If you visit a website from an Internet cafe, the website may still be able to figure out who you are, just like they can when you bounce between different networks normally. And of course, if you login to your account on a website or put your shipping address or something in when buying something, you're self identifying (unless you have throwaway accounts or forwarding addresses or whatever). And finally, if someone really wants to figure out who you are to a high degree of confidence, they will.
I find this lands pretty well and is close enough to being technically correct without getting into the details that non-technical people would start glazing over if I got into.
I disagree, I think it would be highly beneficial if everyone ran a VPN exactly for the reasons you describe — websites and services online have no business knowing who I am or where I am. We can hope of a better tomorrow where browser fingerprinting, geo-IP and other such things are a thing of the past. Every step we take in that direction is a step towards a better future. (For that matter, every device I own sits behind Mullvad.)
Sure, but then Mullvad has all your information. And all it takes is a change of leadership for that to go badly. At the moment, Mullvad is a great service with good goals. But every company hits a threshold where they lose their bearing.
And while yes, you don't provide your personal information directly to Mullvad, it wouldn't be very hard to deduce you from your traffic with some amount of effort.
You're missing the core difference which is that I get to choose. Many people live in areas where only one ISP offers a competitive service, they don't get to choose. If there's three ISPs in my area and they all sell my data, I don't get to choose. If all of your social circles use one social network to organize events and you want to be in the loop with them, you don't get to choose. Etc. In all of those cases, you don't have a say in who gets to munch on all of your data. When you use a VPN, you choose who you trust with your data, which also means you can change your mind later if need be.
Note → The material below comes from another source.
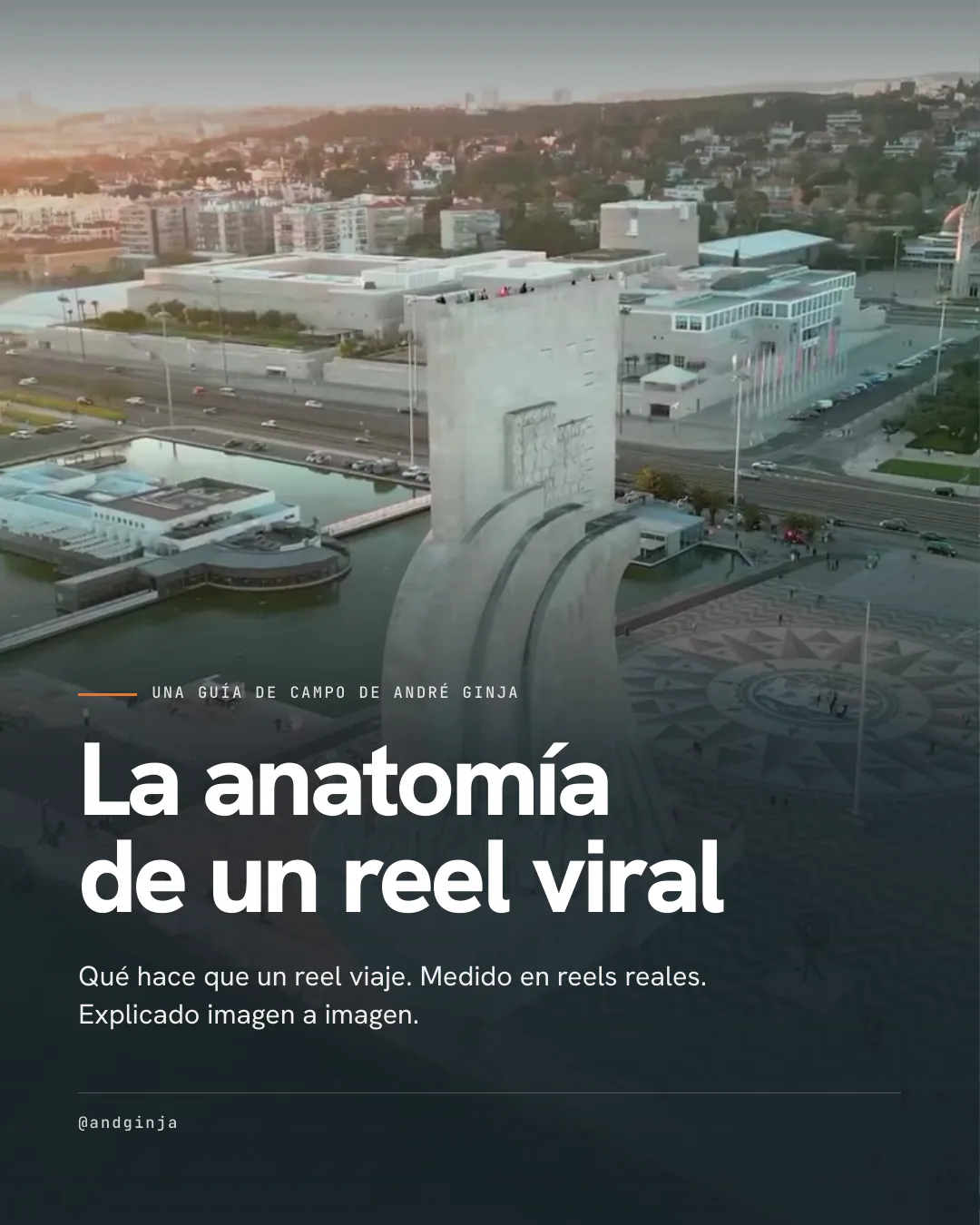 La anatomía de un reel viral · André Ginja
In the other scenario you cannot.
There's always someone in a position to acquire all your information. If it's not a VPN, it's an ISP. And ISPs have much weaker incentives not to step on the needs of the few. Most ISPs get to stay in business no matter how many scandals embroil them.
You'll also get a lot less suspicious login flags if you regularly use a VPN from a certain area. If you only use it when you're on public WiFi, get ready to prove your identity on most of the services you use.
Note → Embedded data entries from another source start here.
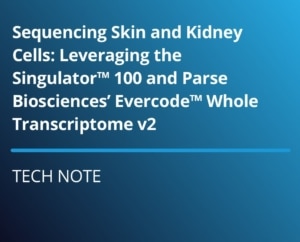 Tech Note: Sequencing Skin and Kidney Cells: Leveraging the Singulator™ 100 and Parse Biosciences’ Evercode™ Whole Transcriptome v2 Platform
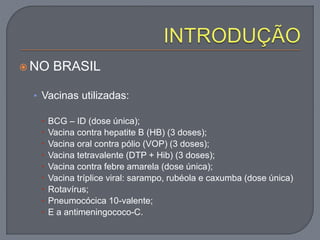  NO BRASIL
• Vacinas utilizadas:
 BCG – ID (dose única);
 Vacina contra hepatite B (HB) (3 doses);
 Vacina oral contra pólio (VOP) (3 doses);
 Vacina tetravalente (DTP + Hib) (3 doses);
 Vacina contra febre amarela (dose única);
 Vacina tríplice viral: sarampo, rubéola e caxumba (dose única)
 Rotavírus;
 Pneumocócica 10-valente;
 E a antimeningococo-C.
I agree for casual browsing, but just curious for any service that requires providing some other piece of identifiable info (eg a site you have an account with and login to, or buying something online and entering your delivery address), what is a VPN helping with other than hiding that activity from your ISP (which may be what you're going for, but just curious)? Once you identify yourself to a website or online service via typical means, how is the IP anonymity a VPN provides helping?
I'd say it might be even more relevant in those scenarios:
That site is now storing the link between your IP address and that other information. Some of those will be hacked, leaked, aggregated and combined with other datasets at scale.
And several cryptocurrencies. You actually get a discount for paying in crypto. Which is awesome because it allows people with oppressive governments to use it.
I think VPNs give only a potentially dangerous illusion of anonymity given the widespread NSA surveillance and organizations such as Team Cymru collecting flow records from ISP core routers worldwide.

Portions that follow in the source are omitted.